Your answer should be the full data, transcribed exactly, with no pictures in it.
══════════════════════════════
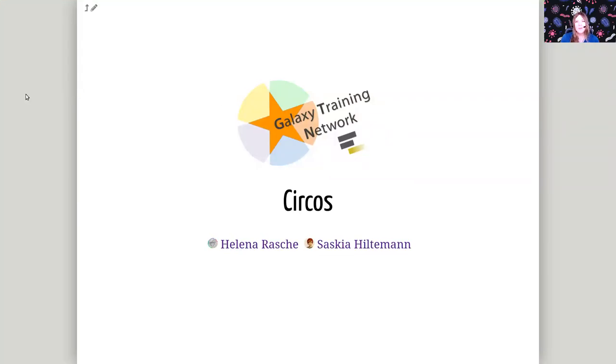Okay, welcome! My name is Elena Rasha and together as Saskia Hiltemann we built the Circos in Galaxy tool, which we're very happy about and we're very excited to share with you today.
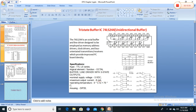This is the 74LS244 unidirectional buffer truth table and specifications. It is a TTL series octal buffer line receiver with three-state outputs (high, low, and high-impedance). The IC diagram shows two groups of tri-state buffers within one IC package with their respective inputs and outputs.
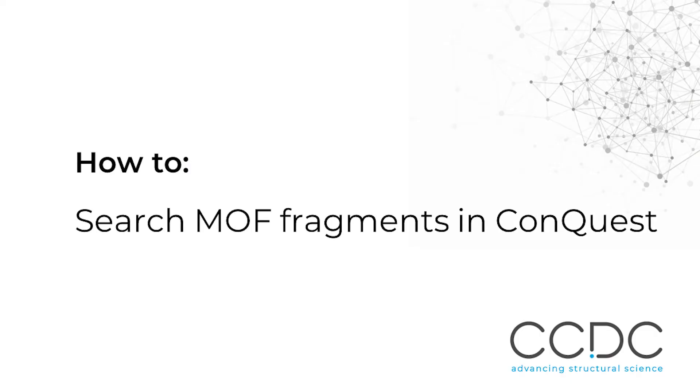Hi, this is Matthew Stout from the CCDC. Today I would like to show you how to use Conquest to search complex Metal Organic Framework fragments. Let's get started.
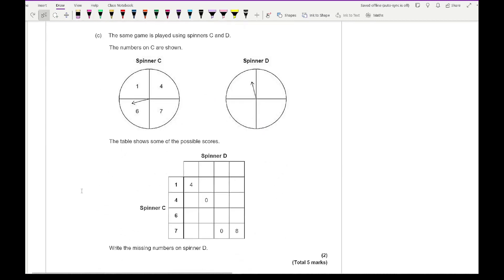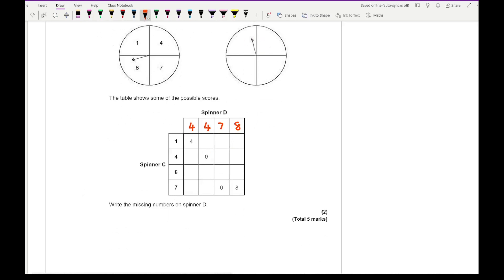Question 1C uses spinners C and D. The table shows the scores. We need to find the numbers on spinner D. If 1 loses to 4, that value must be 4. Where there's a 0, both numbers are the same, so that's also 4. Where we see a 0 aligning with 7, that value is 7. And where 7 gives a score of 8, that value must be 8. So the numbers on spinner D are 4, 4, 7, and 8.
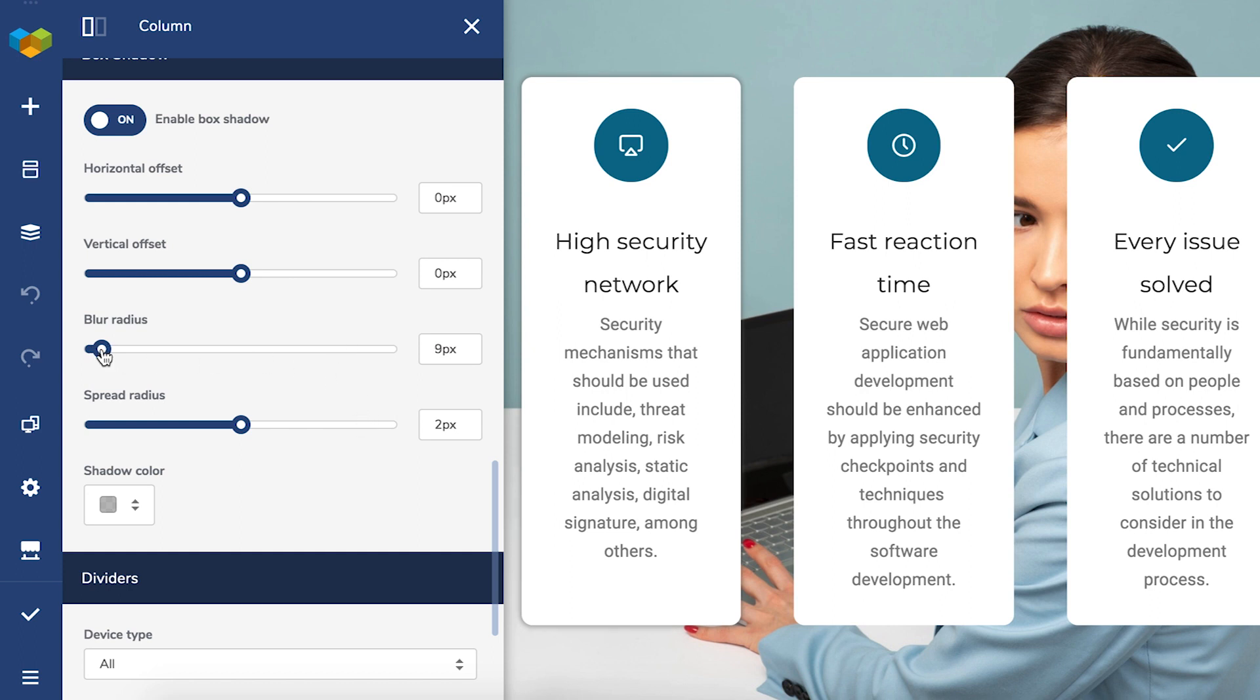Let's set the blur radius to 20 and let's make the spread radius a little smaller too.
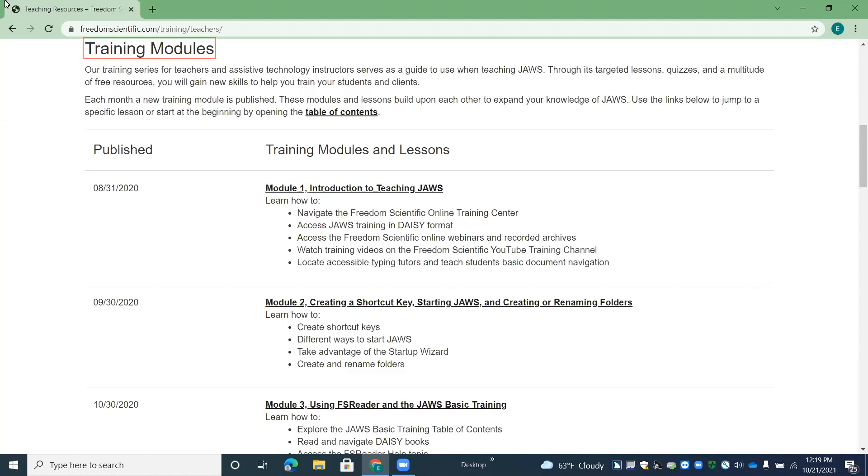They include many tasks, and those tasks are broken down into lessons, and you have text explaining the tasks. You have videos. And then each module has a quiz at the end, and you can just work through those. You can do them as many times as you want.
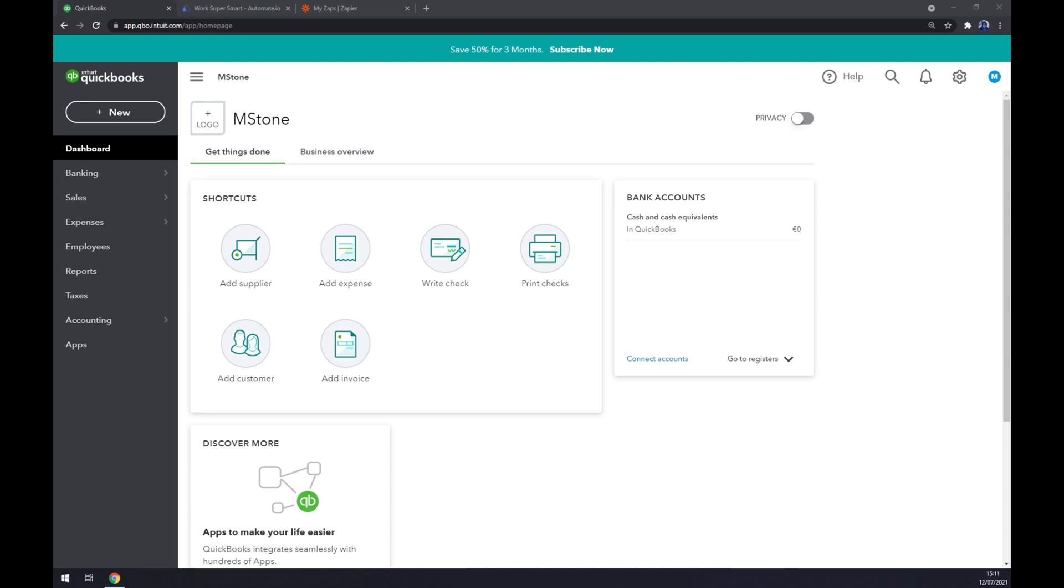Hello guys, my name is Matthew and in today's video I'm going to show you how you can integrate QuickBooks with WordPress. First things first, we have to create ourselves an account at QuickBooks or login to our existing account.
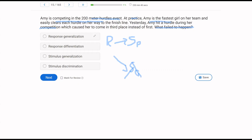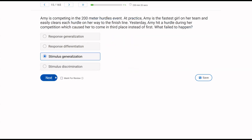Response generalization is not the issue — Amy needs to engage in the same response, just in the presence of different stimuli. Response differentiation also doesn't apply because she's not changing the response. In practice, she clears every hurdle; the problem is she can't engage in the same response during competition. What failed to happen is stimulus generalization.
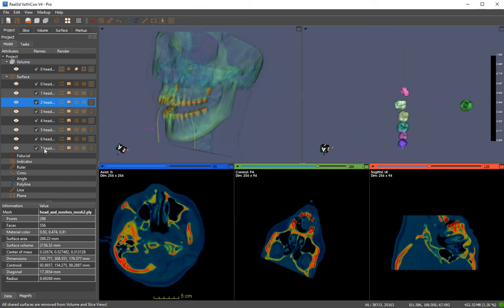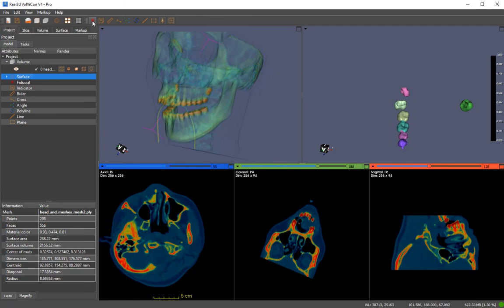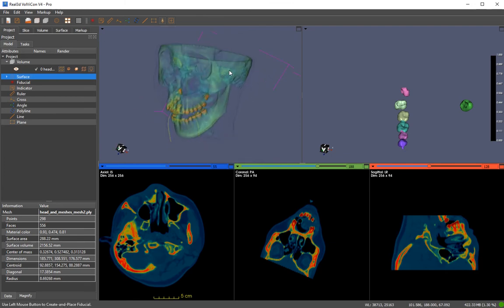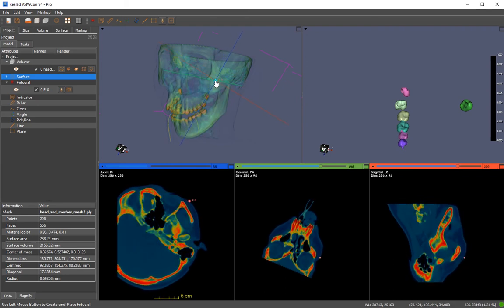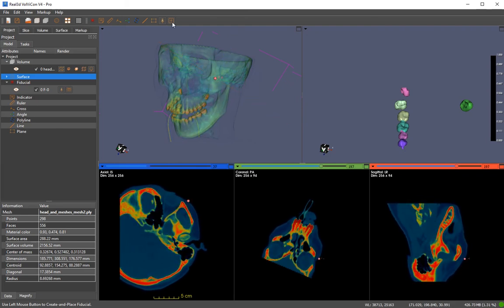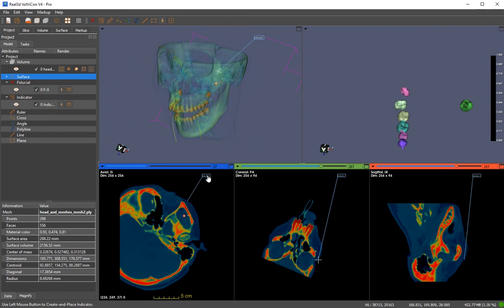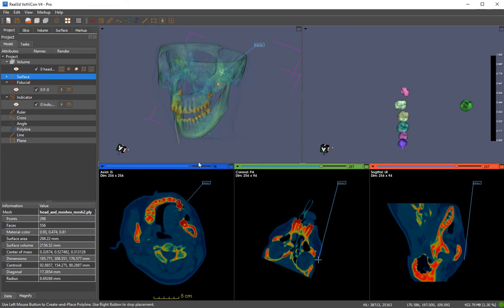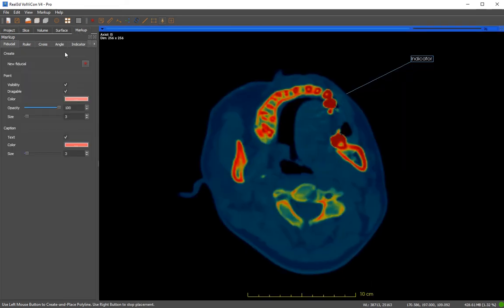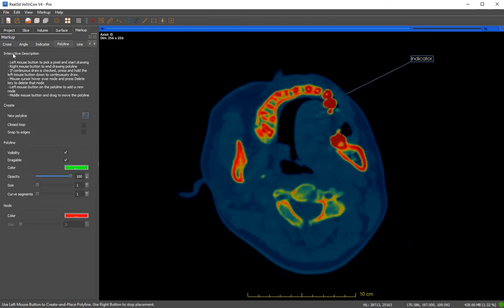Now let me introduce markups. You can create different landmarks. While moving a landmark the slice center is updated — you can disable that so it won't update. You can render these markups in all views. You can have an indicator and track it in all views. Now let me create a polyline. You can set different features for each markup in the markup module.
══════════════════════════════
Solution to this task.
Okay, welcome! My name is Elena Rasha and together as Saskia Hiltemann we built the Circos in Galaxy tool, which we're very happy about and we're very excited to share with you today.
This is the 74LS244 unidirectional buffer truth table and specifications. It is a TTL series octal buffer line receiver with three-state outputs (high, low, and high-impedance). The IC diagram shows two groups of tri-state buffers within one IC package with their respective inputs and outputs.
Hi, this is Matthew Stout from the CCDC. Today I would like to show you how to use Conquest to search complex Metal Organic Framework fragments. Let's get started.
Question 1C uses spinners C and D. The table shows the scores. We need to find the numbers on spinner D. If 1 loses to 4, that value must be 4. Where there's a 0, both numbers are the same, so that's also 4. Where we see a 0 aligning with 7, that value is 7. And where 7 gives a score of 8, that value must be 8. So the numbers on spinner D are 4, 4, 7, and 8.
Let's set the blur radius to 20 and let's make the spread radius a little smaller too.
They include many tasks, and those tasks are broken down into lessons, and you have text explaining the tasks. You have videos. And then each module has a quiz at the end, and you can just work through those. You can do them as many times as you want.
Hello guys, my name is Matthew and in today's video I'm going to show you how you can integrate QuickBooks with WordPress. First things first, we have to create ourselves an account at QuickBooks or login to our existing account.
Response generalization is not the issue — Amy needs to engage in the same response, just in the presence of different stimuli. Response differentiation also doesn't apply because she's not changing the response. In practice, she clears every hurdle; the problem is she can't engage in the same response during competition. What failed to happen is stimulus generalization.
Now let me introduce markups. You can create different landmarks. While moving a landmark the slice center is updated — you can disable that so it won't update. You can render these markups in all views. You can have an indicator and track it in all views. Now let me create a polyline. You can set different features for each markup in the markup module.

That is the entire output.